In Heller v. Cepia, Judge Jeffrey White sanctioned the plaintiff’s attorney under Rule 11 and ordered him to pay the defendant $5,000. This week, the 9th Circuit affirmed. Both the district court’s and 9th Circuit’s opinions are linked below.
The plaintiff designed a toy hamster and shared a prototype with one of the defendants. While the opinion below doesn’t discuss the facts in detail, apparently the defendants allegedly stole the plaintiff’s toy hamster design. Trade secrets come in all shapes and sizes.
The court found that two allegations in the complaint lacked a factual basis: (1) sign-in sheets produced by a defendant (The Bean) appeared to confirm that representatives of another defendant (Cepia) were at The Bean’s offices at a time when The Bean had the hamster prototype, and (2) when confronted with information suggesting Cepia was given access to the plaintiff’s trade secrets, the other defendants refused to provide information about their relationship with Cepia.
Regarding the sign-in sheets, the evidence showed that The Bean simply did not produce any sign in sheets for the week in question.
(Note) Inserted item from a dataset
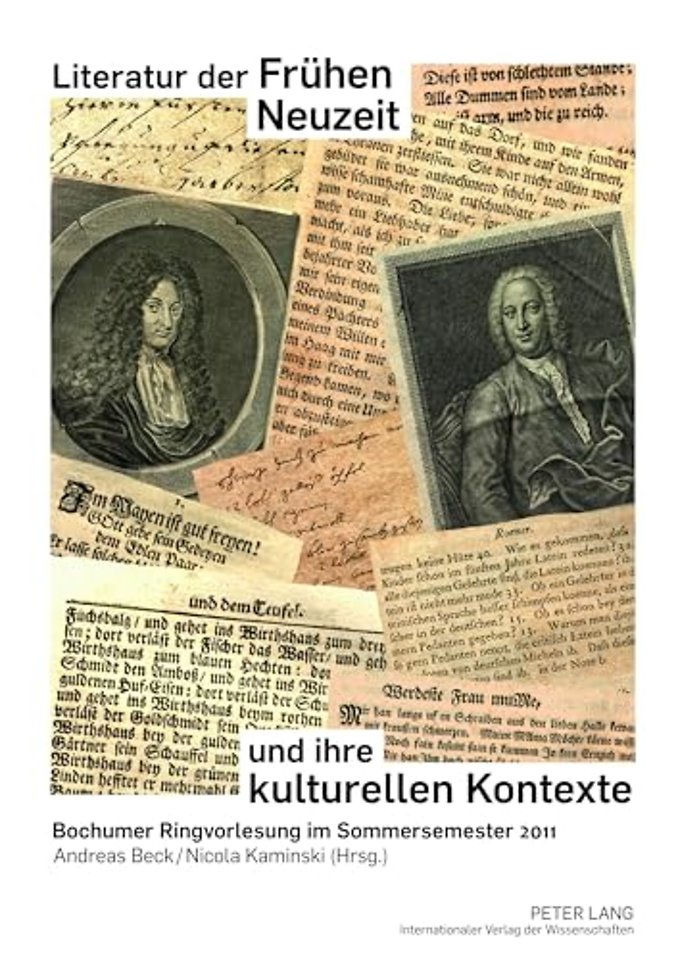 Literatur Der Fruehen Neuzeit Und Ihre Kulturellen Kontexte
Per the court, the plaintiff went too far when it alleged that the sign-in sheets confirmed Cepia’s presence: “contrary to the implication of Heller’s allegation, The Bean’s sign in sheets do not confirm anything.” (emphasis in original).
Regarding the defendants’ refusal to provide information, the court found that “there is no credible evidence to support Heller’s allegation.”
When imposing sanctions, the court found that “the nature of these unsupported allegations stem from exaggerations for which Heller’s counsel is culpable. He is the one who drafted the complaint and the allegations at issue.”
Lawyers sometimes get carried away when drafting a complaint. Obviously, everyone wants their case to sound as strong as possible. But this case shows the value of being conservative when describing the facts in a pleading.